[798] 21 января 1915 г. она вновь писала К. А. Морозовой с некоторой смутной надеждой: «М[ожет] б[ыть] удастся выбраться из лазарета на недельку — приехать в П[етербург], тогда м[ожет] б[ыть] увидимся?»[799]
Рис. 37. Апрель в Собольках. Н. М. Субботина (крайняя справа). 22–26 апреля 1915 г. (Домашний архив И. Куклиной-Митиной)
Рис. 38. Лазарет в Собольках. [1915 г.] (Домашний архив И. Куклиной-Митиной)
В письме к Н. А. Морозову, которое можно приблизительно датировать концом мая — началом июня 1915 г., Н. М. Субботина продолжала эту тему: «…Мы с мамой в Собольках, наш лазарет продолжает существовать, еще я бываю в городских лазаретах, — заведую там ручным трудом: мы плетем гамаки и туфли, но сейчас кризис — нигде нет материалу или все очень дорого и не оправдывает расходов. В моем лазарете параллельно существует огород: это очень полезное и приятное занятие. Работают, кто может с удовольствием и даже приходят помогать на наш огород»[800].

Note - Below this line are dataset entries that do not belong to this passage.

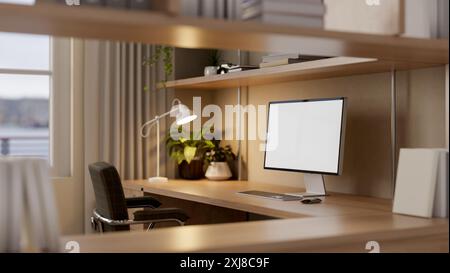 A computer with a white-screen mockup on a wooden desk features illumination from a table lamp, books, and houseplants in a cozy home office. place of Stock Photo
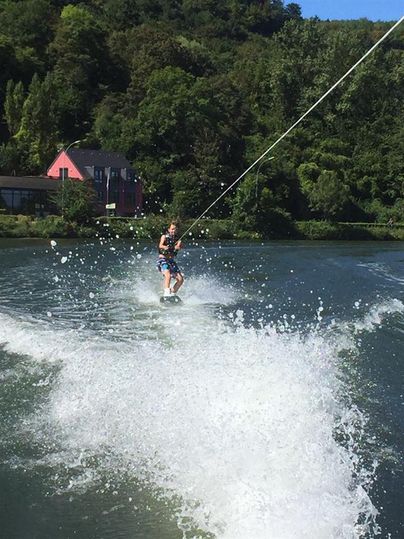 A man is standing on a wakeboard and is being towed across the water by a boat. In the background, there are trees and a pink house visible.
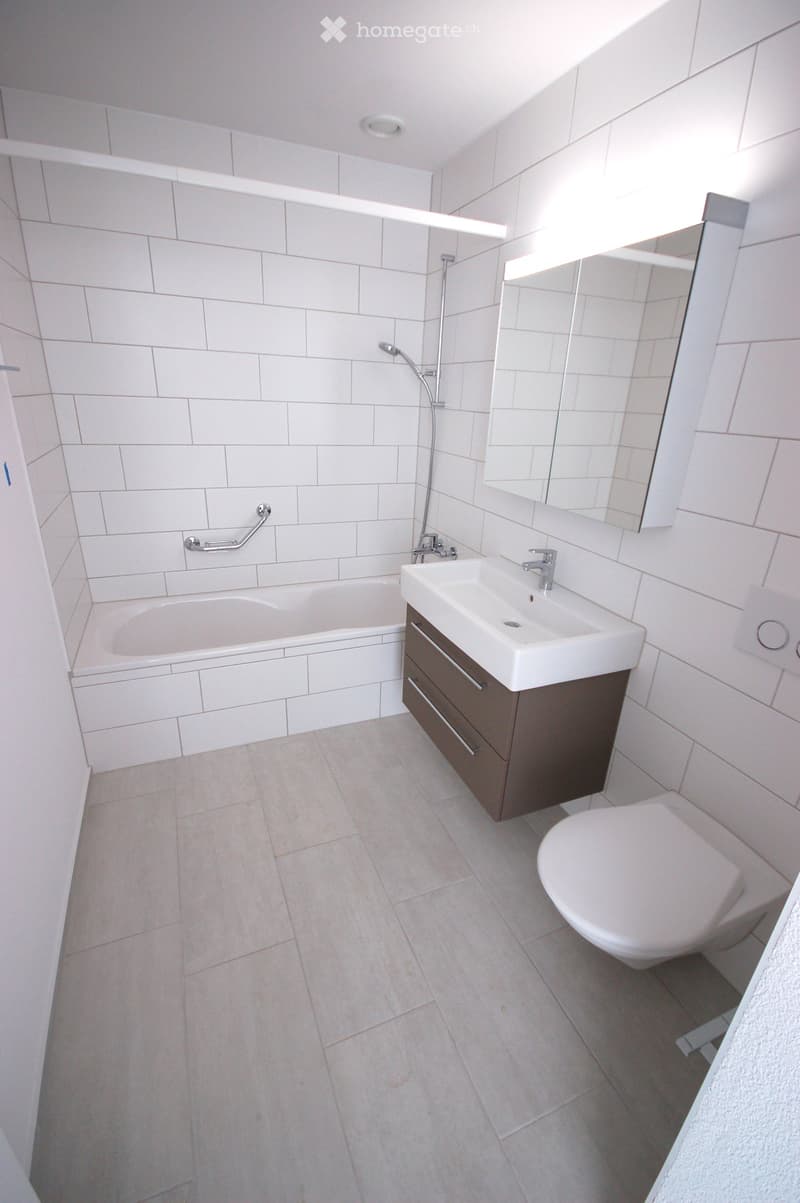 Modern bathroom with white tiles, bathtub, sink, toilet, and a mirrored cabinet.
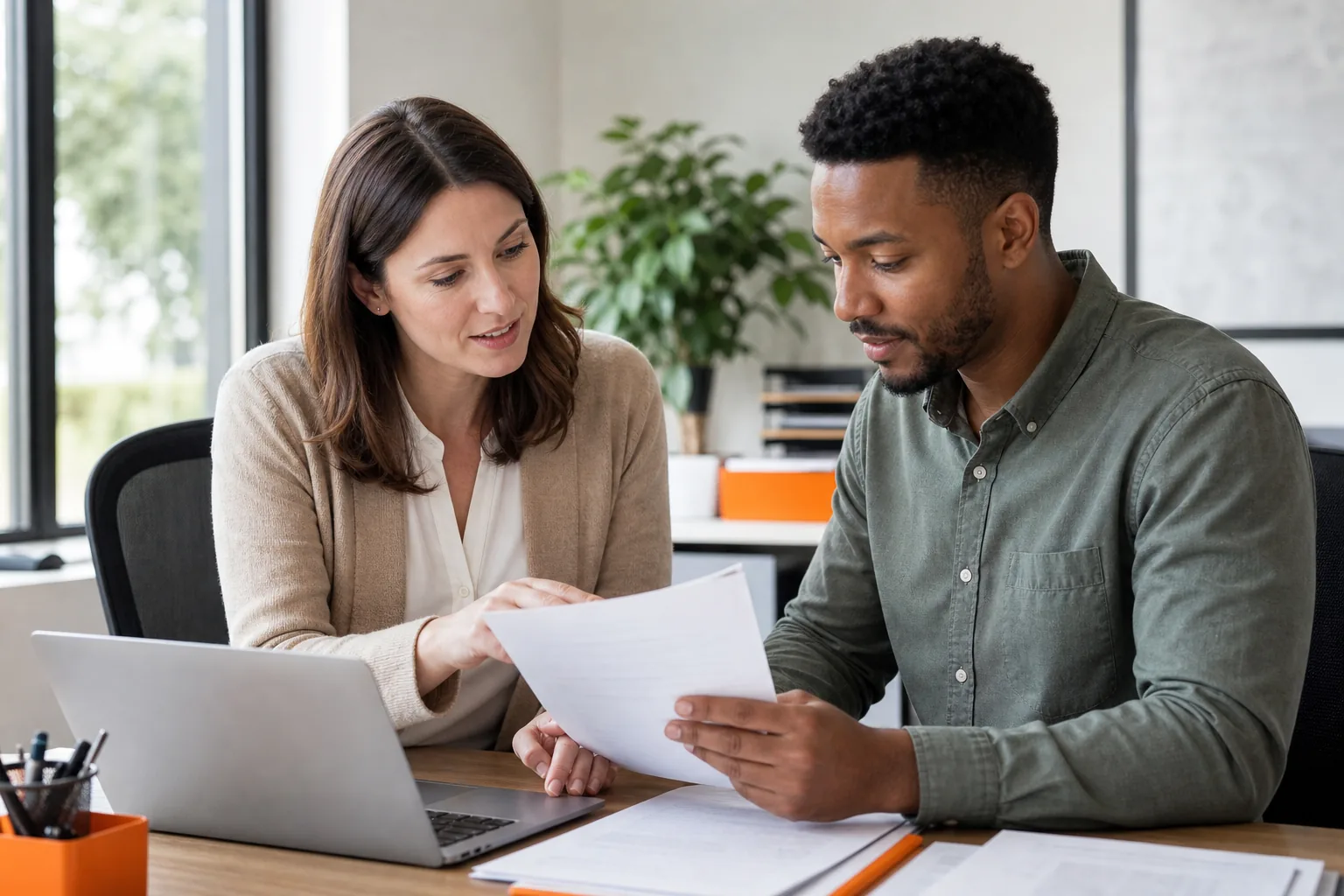 Employee completing small business health insurance enrollment forms with HR support.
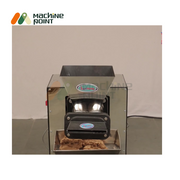 Close-up of Dough Sheeter flattening atta – reliable and durable kitchen equipment.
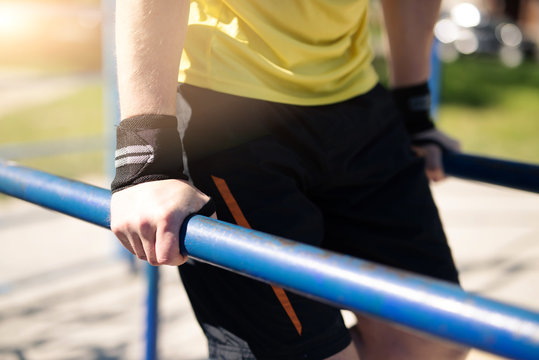 Man pulling up on parallel bars during street training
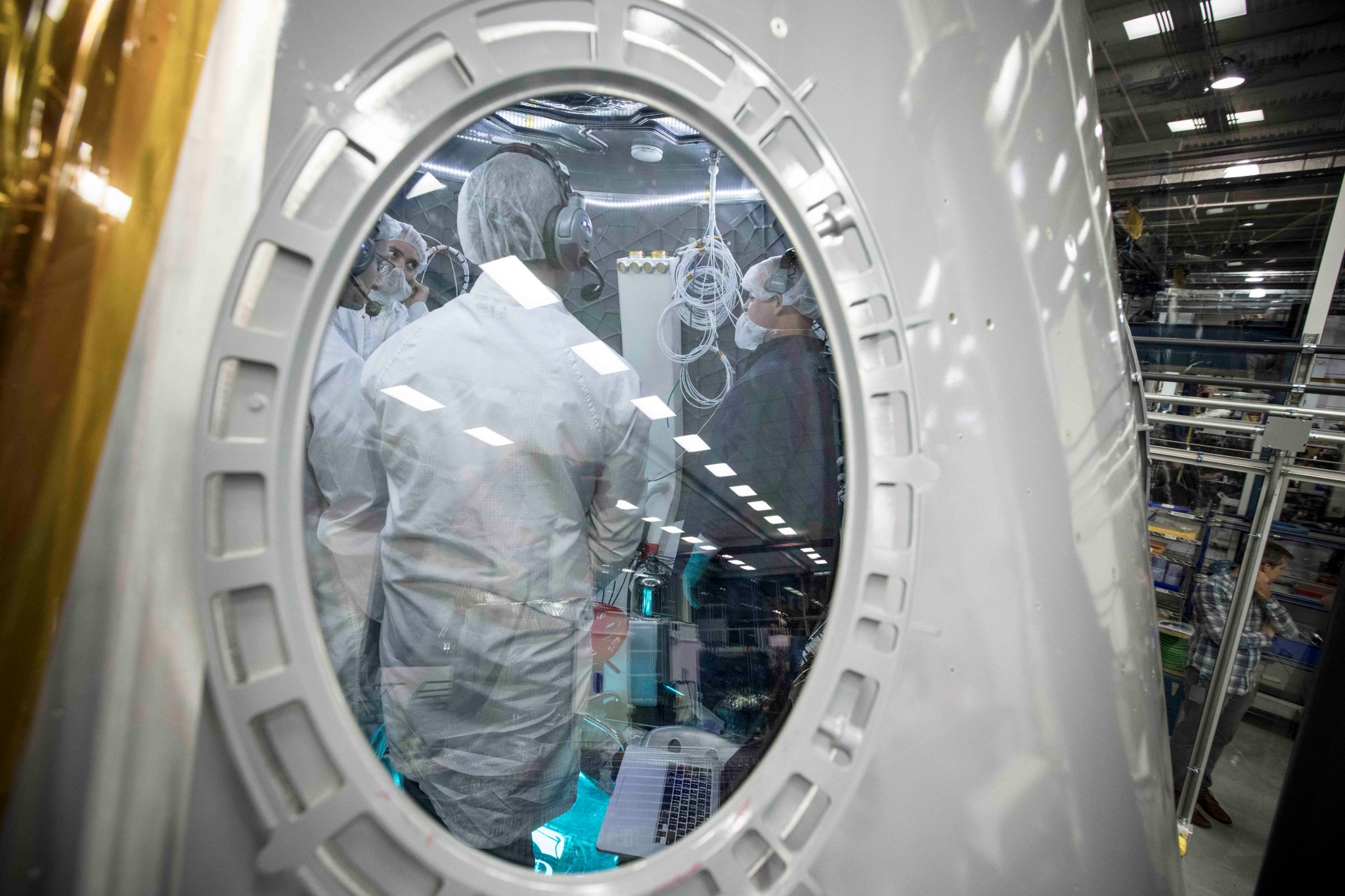 Engineers work inside the ECLSS Module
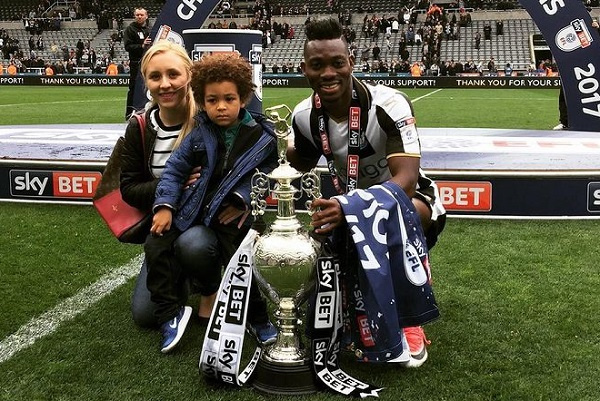 late Christian Atsu poses with his wife and kid after winning a trophy for Newcastle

Нина Михайловна все еще пыталась находить время для научных исследований, но это становилось делать все труднее и труднее. Так, неожиданно она оказалась свидетелем немецких погромов в Москве, бывших 27–29 мая 1915 г. В продолжение процитированного нами выше письма она рассказывала Николаю Александровичу Морозову: «Недавно я ездила в Москву, в ун[иверсите]т Шанявского на лекцию об целях естествознания и попала на погром. Отвратительное зрелище! Говорят, много раненых и убитых; под конец громили винные склады, (кажется и казенные) и на др[угой] день на улицах валялась масса пьяных. Около нашего дома разбили и подожгли 2 немецких фабрики, горело до 5 ч[асов] утра. На одной Мясницкой насчитали мы 42 разбитых магазина, а толпы повсюду были такие, что по дороге с Арбата я могла перебраться на <…>[801] Тверскую только около Александровского вокзала, т[о] е[сть] в самом конце улицы. На др[угой] день всюду стояли войска, с какими-то пасмурными лицами, понурые, а на углах улиц молча стоял народ — не менее пасмурный, странный…»[802]. Все это, конечно, не могло оставить Нину Михайловну равнодушной. «Ужасно, если беспорядки широко разольются и ослабят ту энергию народной души, к[оторая]рая сейчас должна быть направлена вся в одну сторону, на защиту страны! — писала она. — Приходит на мысль возможность немецкой провокации. Все это им так на руку… Как теперь Ваше здоровье? Что поделывает Кс[ения] Ал[ексеевна]? Вот бы она посмотрела, как разбивали чудные рояли Эрара или Эберга — весь тротуар был в клавишах, а из окон выбрасывали ноты и книги. Мой трам[вай] застрял в толпе против <…>[803], когда я ехала из больницы от раненого, и мне пришлось увидеть, как разбивали этот магазин»[804]. Время было тревожное, и не чувствовать эту витавшую в воздухе тревогу становилось все труднее и труднее. Тем не менее Нина Михайловна старалась сохранять присущий ей оптимизм и надеяться на лучшее. «Очень серьезную эпоху переживает наша родина (сколько Вам пришлось перевидать событий на Вашем веку!!); и не только родина, но и вся земля, — писала она Н. А. Морозову. — Не сбывается ли теперь пророчество Апокалипсиса о печатях книги времен? Не преддверие ли это великого будущего? Я верю, что после этого времени наступит светлое будущее, когда народы успокоятся и заживут светлыми идеалами, за осуществление которых выходило уже столько борцов!»[805]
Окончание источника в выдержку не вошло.